YOUR GOAL — Only the lines from the one with "Everlast Elite Boxing" to the end of the listing below should be set down, exactly as written and without any pictures.

INPUT FOR THIS TASK —
--- --- ---
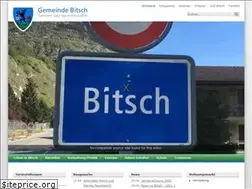 Sites similar to bitsch.ch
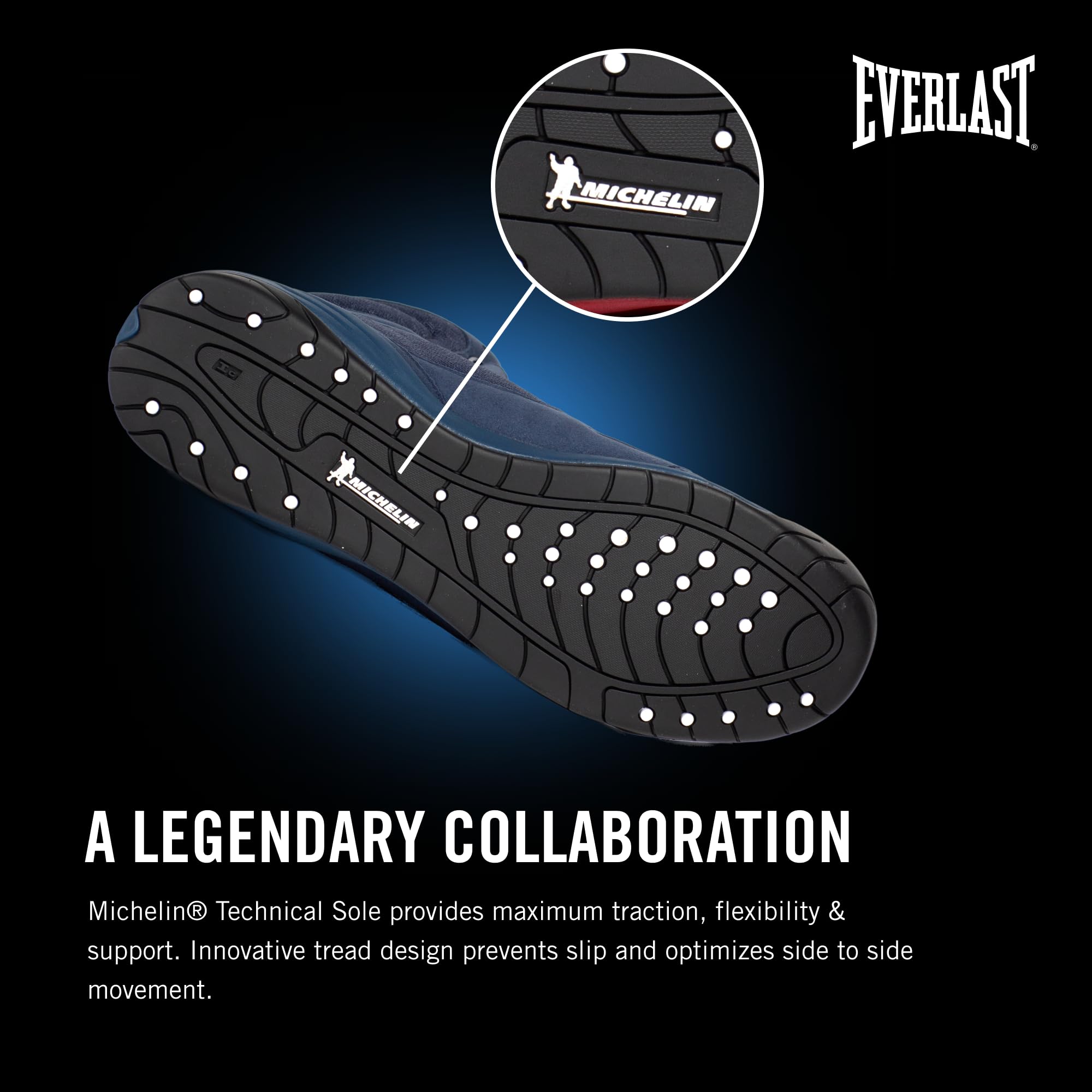Everlast Elite Boxing Shoes - High-Performance Training Footwear for Boxing & MMA | Durable & Comfortable for Gym, Sparring & Competitions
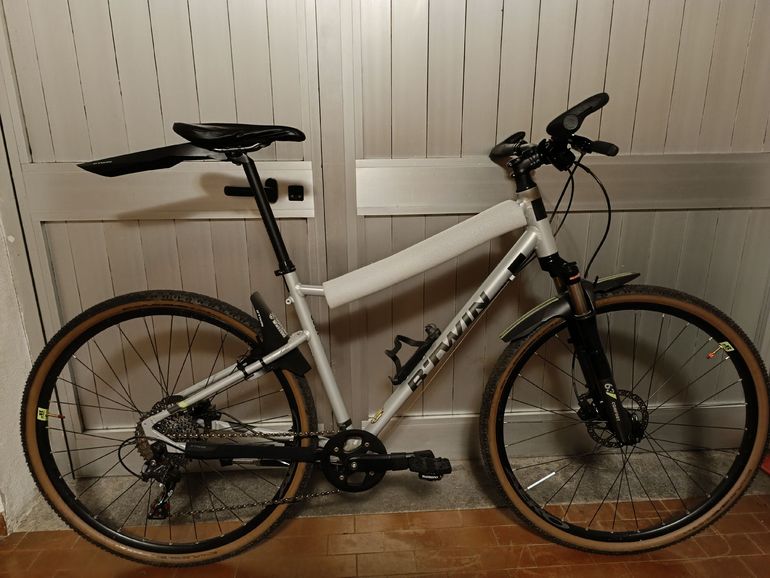 Used B’TWIN Riverside Other 2018 Mountainbike, Light Gray — image 56 of 59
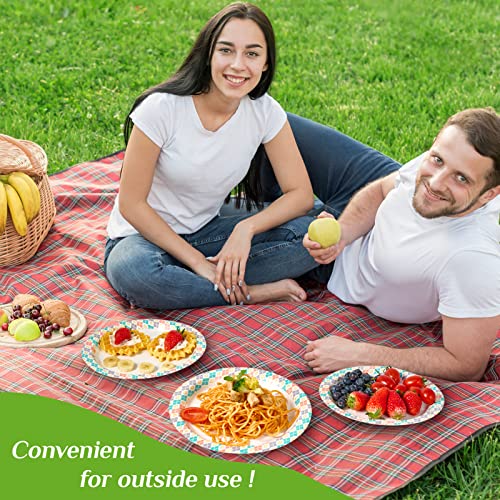 360 Paper 8.375 Inch Paper Plates (7-8.375in-360pack)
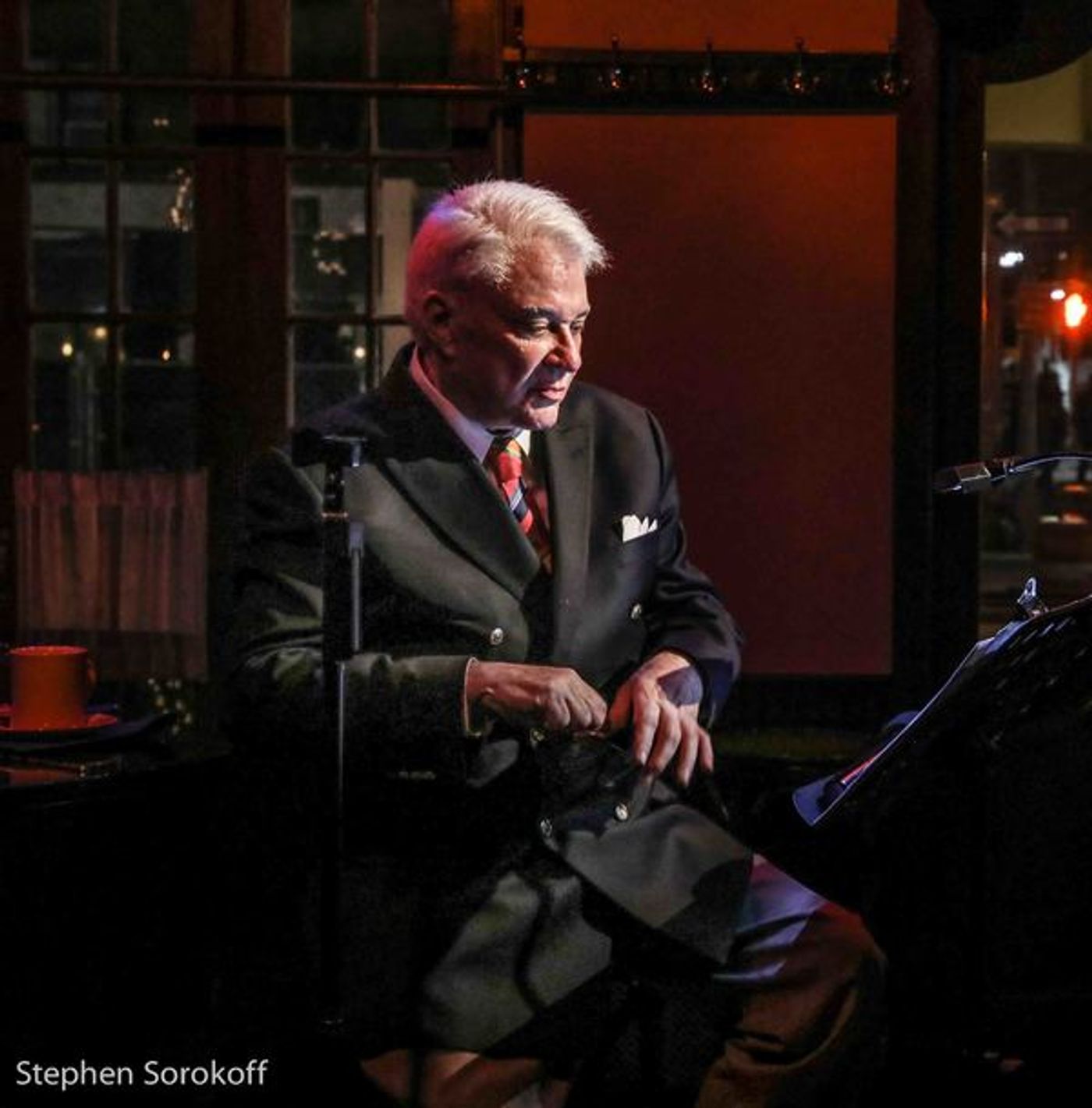 Photo Coverage: Rex Reed Brings His Words and Songs to the Beach Cafe  Image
--- --- ---
SOLUTION TO THIS PROBLEM —
Everlast Elite Boxing Shoes - High-Performance Training Footwear for Boxing & MMA | Durable & Comfortable for Gym, Sparring & Competitions
 Used B’TWIN Riverside Other 2018 Mountainbike, Light Gray — image 56 of 59
 360 Paper 8.375 Inch Paper Plates (7-8.375in-360pack)
 Photo Coverage: Rex Reed Brings His Words and Songs to the Beach Cafe  Image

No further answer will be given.